= Beginning of Section =
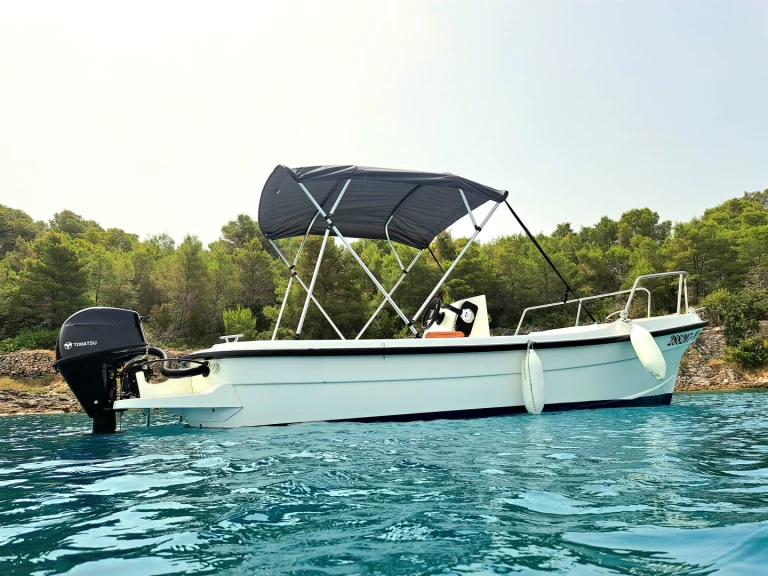 Pronájem Motorová loď v Milna -Betina Open 500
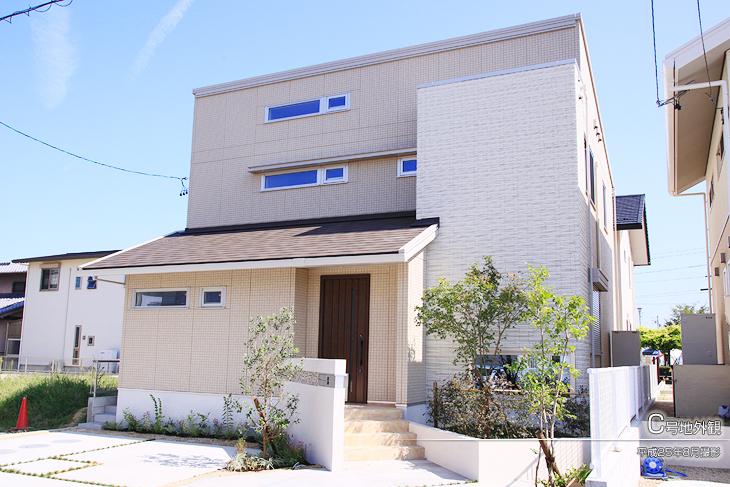 Local appearance photo.  [C No. land] Appearance Photo] 2013 August shooting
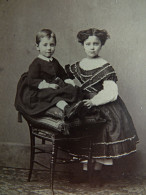 Photo CDV Numa Blanc  Paris  Enfants élégants (Henriette Et Paul Delage Cousins) Sec. Emp. CA 1860 - L680A - Alte (vor 1900)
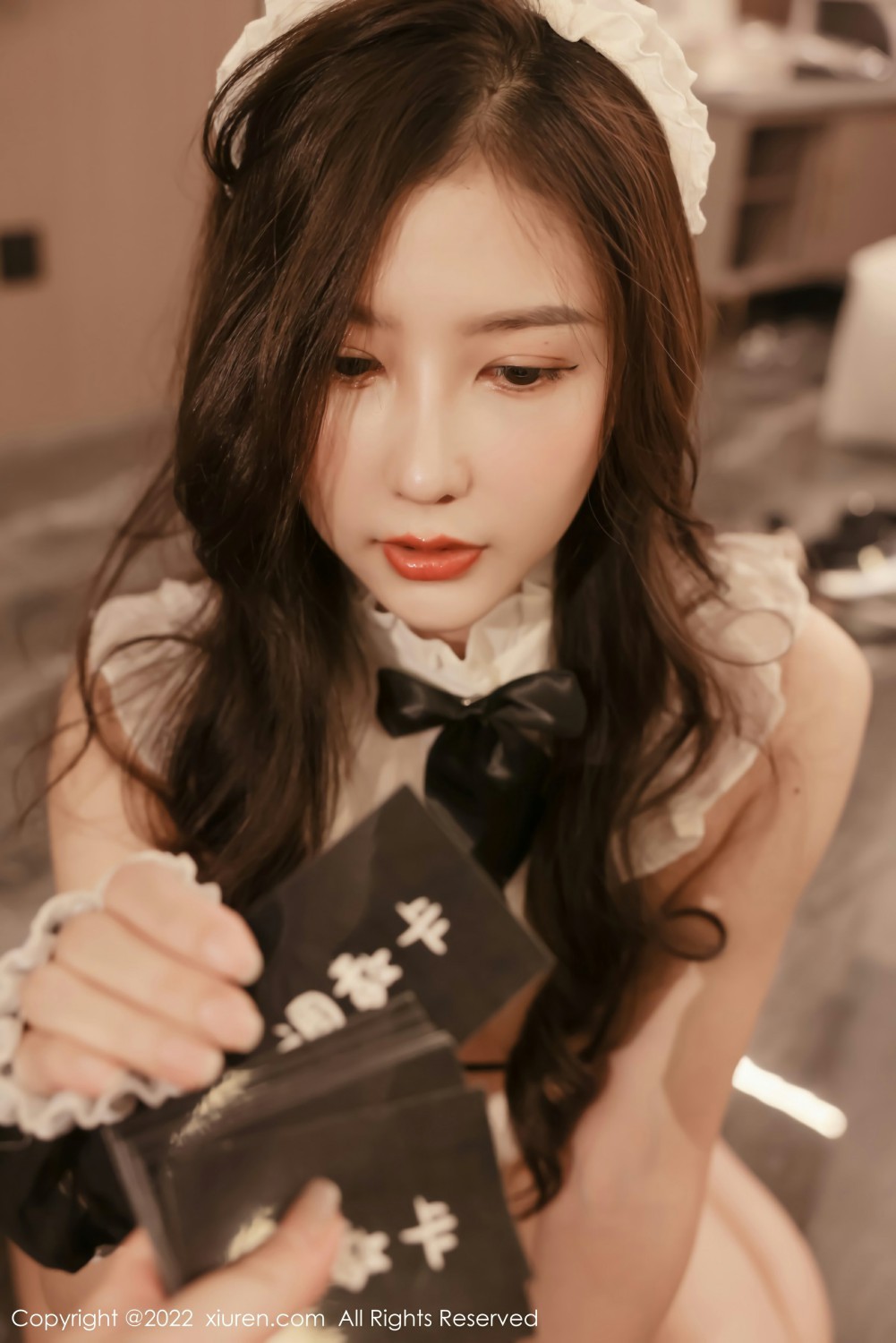 [XiuRen秀人网] 2022.03.01 No.4650 尹甜甜 性感女仆装第1张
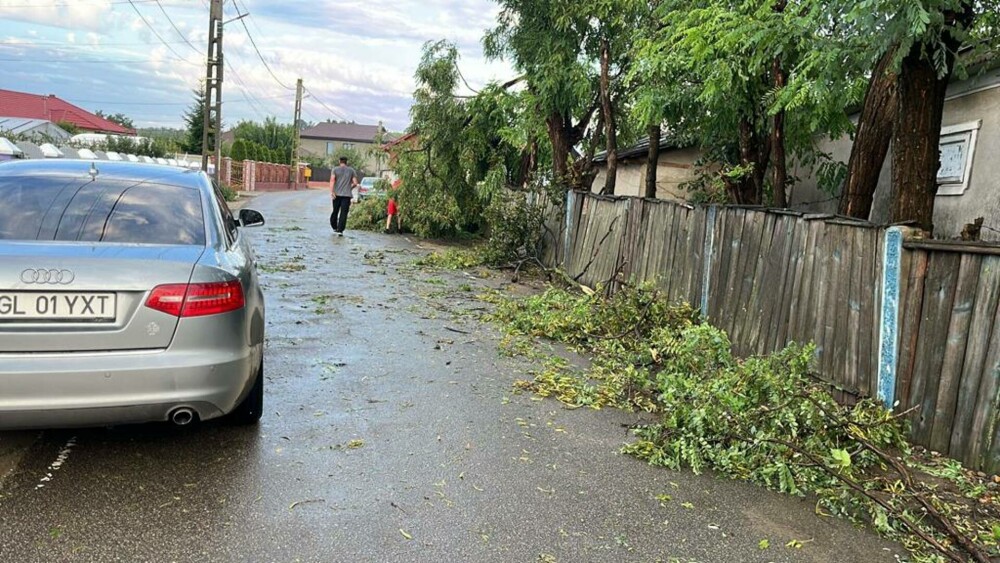 „E jale mare”. România, lovită de furtuni violente. Străzi inundate, copaci doborâți de vânt, mașini răsturnate. FOTO/VIDEO - Imaginea 5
= End of Section =
Repeat the entries word for word and skip the pictures.

 Pronájem Motorová loď v Milna -Betina Open 500
 Local appearance photo.  [C No. land] Appearance Photo] 2013 August shooting
 Photo CDV Numa Blanc  Paris  Enfants élégants (Henriette Et Paul Delage Cousins) Sec. Emp. CA 1860 - L680A - Alte (vor 1900)
 [XiuRen秀人网] 2022.03.01 No.4650 尹甜甜 性感女仆装第1张
 „E jale mare”. România, lovită de furtuni violente. Străzi inundate, copaci doborâți de vânt, mașini răsturnate. FOTO/VIDEO - Imaginea 5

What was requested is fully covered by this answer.